Disability tax credits are not just for disabled adults. There's also the child disability tax credit. This tax break is actually given to caregivers of children with disabilities and known as the child and dependent care credit. This is a tax credit for paying someone to look after your child (or dependent) while you work or are looking for work. This tax break cannot be used to pay for your spouse to take care of the child. In general, the credit is 20% to 30% of up to $3,000 in qualifying caregiver expenses per dependent. For example, if you incurred $3,000 in caregiver expenses, the minimum credit that you can qualify for is $600, which is 20% of $3,000.
In order to qualify for this credit, the tax filer needs to have a job and have earned income. Take note that this tax break is not limited to low-income earners. High-income earners may also avail of the credit; the credit given is just smaller.
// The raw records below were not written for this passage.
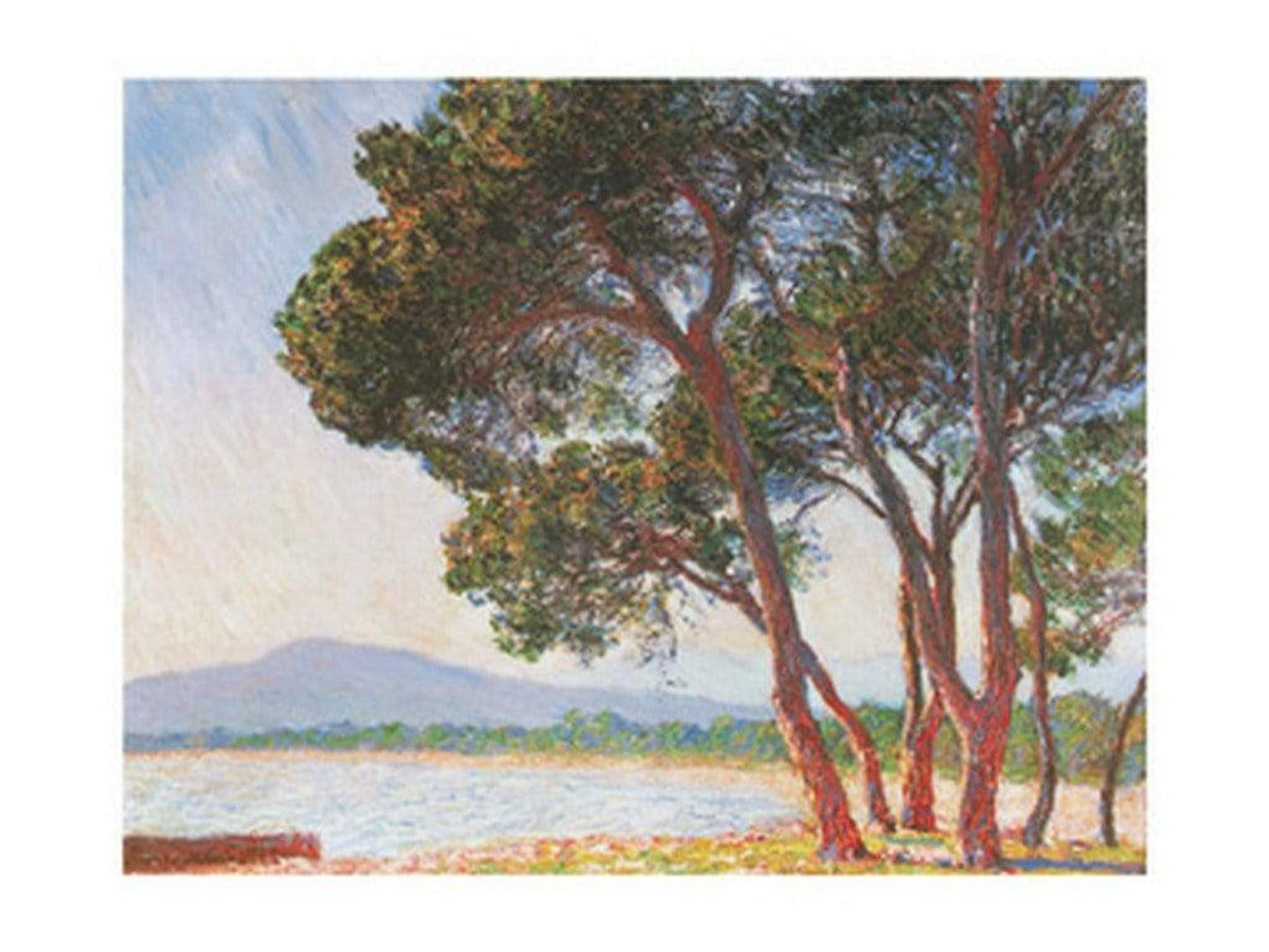 Art Print Claude Monet - La plage de Juan-Les-Pins 80x60cm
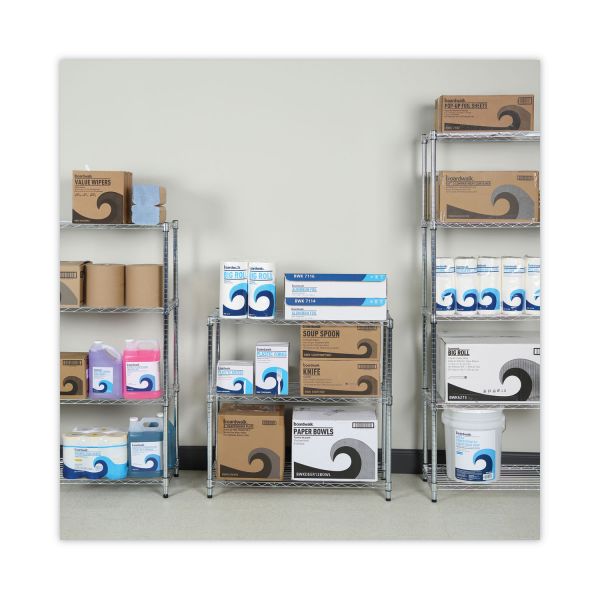 Alera Residential Wire Shelving， Three-Shelf， 36w x 14d x 36h， Silver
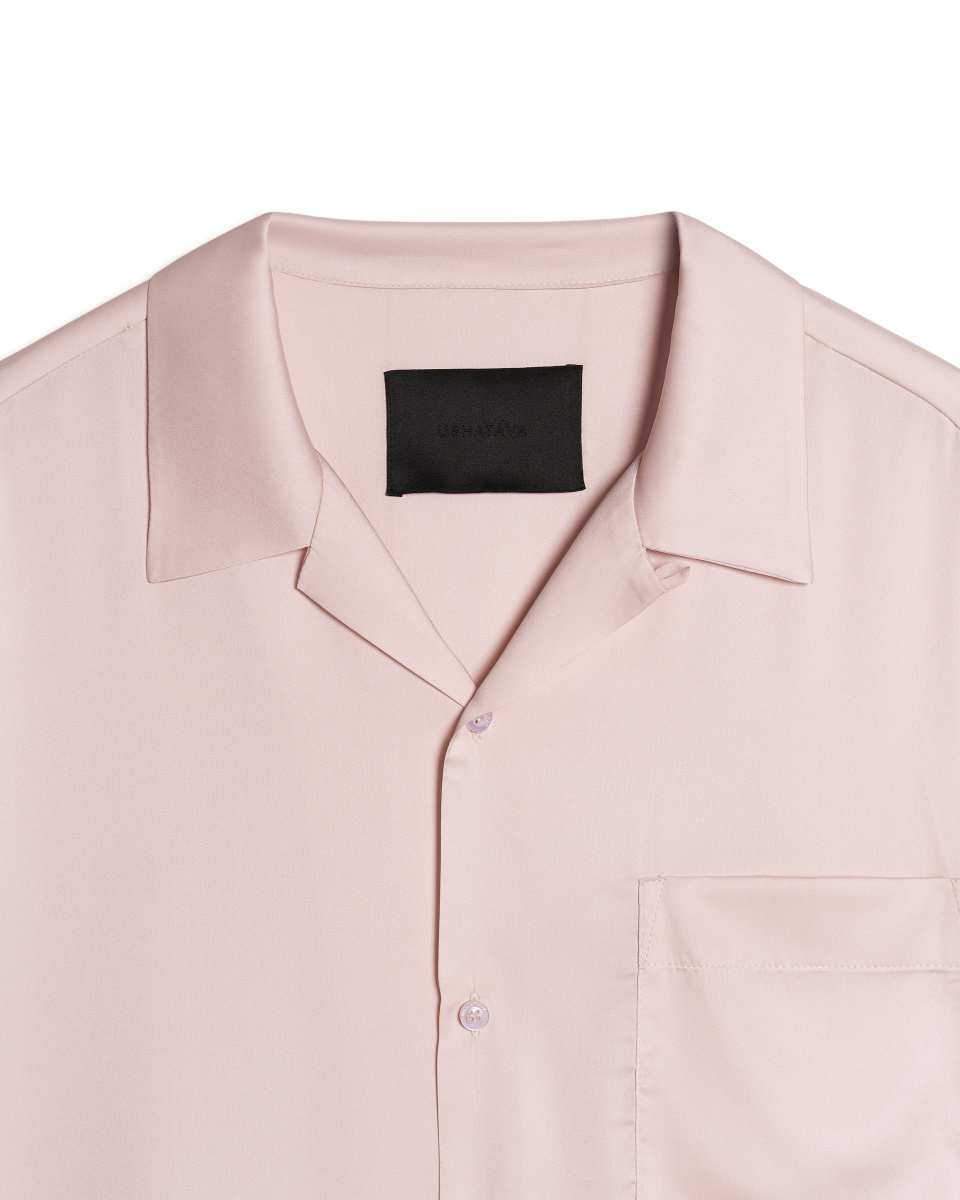 Рубашка с коротким рукавом из сатина, фото 7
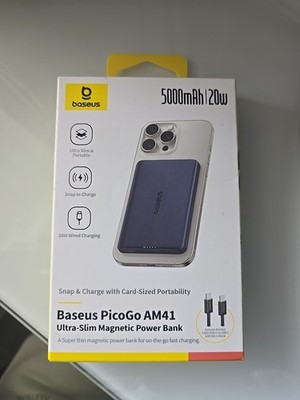 BASEUS Picogo AM41 Power Bank Ultra Slim Magnetic 5000mAh 20W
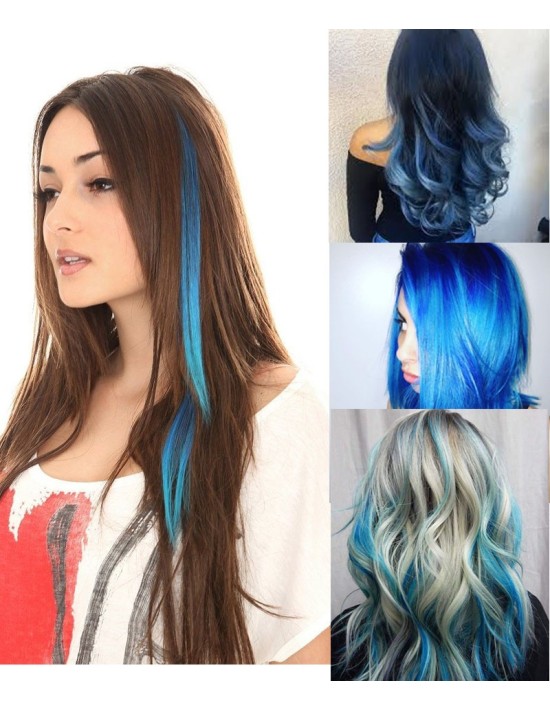 Extensions à froid cheveux naturels multi colors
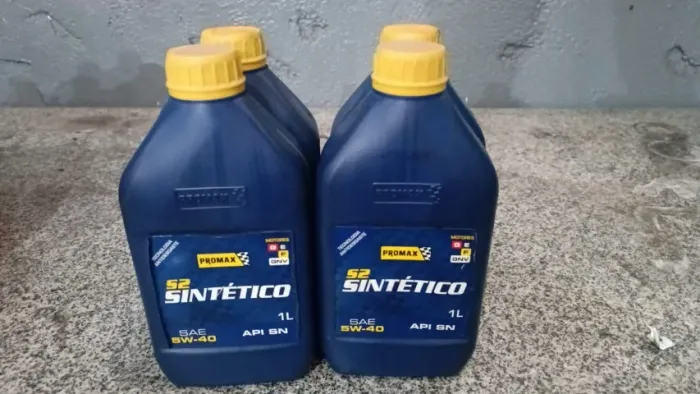 Kit com 4 Óleo Motor Promax S2 Sintético Sae 5w-40 API SN 1 Litro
Keep in mind that a qualifying child must meet the age, relationship, residency, and joint return test. In addition, individuals can only avail of this credit if he or she owes the IRS income tax.
Aside from disability tax credits, disabled individuals can also avail of tax deductions which reduces their taxable income.
Social Security Disability Insurance is a federal assistance program that pays monthly benefits to individuals who become disabled before they retire and are no longer able to work. For this reason, this program is often referred to as “worker’s disability.” To avail of the benefits, an individual must have worked a specific number of years, paying Social Security taxes. The applicant must also have a disability which has lasted for at least a year which prevents you from performing basic work-related activities and has made you unable to get substantial gainful employment.
Supplemental Security Income Disability Program is, as we've mentioned, a federal assistance program for low-income disabled individuals, people who are 65 years of age or older, or families with children who have disabilities. In order to qualify for SSI benefits, you need to have a very limited income as well as assets that equal to no more than $2,000 (or $3,000 for a married couple). The amount a person gets will depend on a variety of factors, including the amount of their monthly income and location.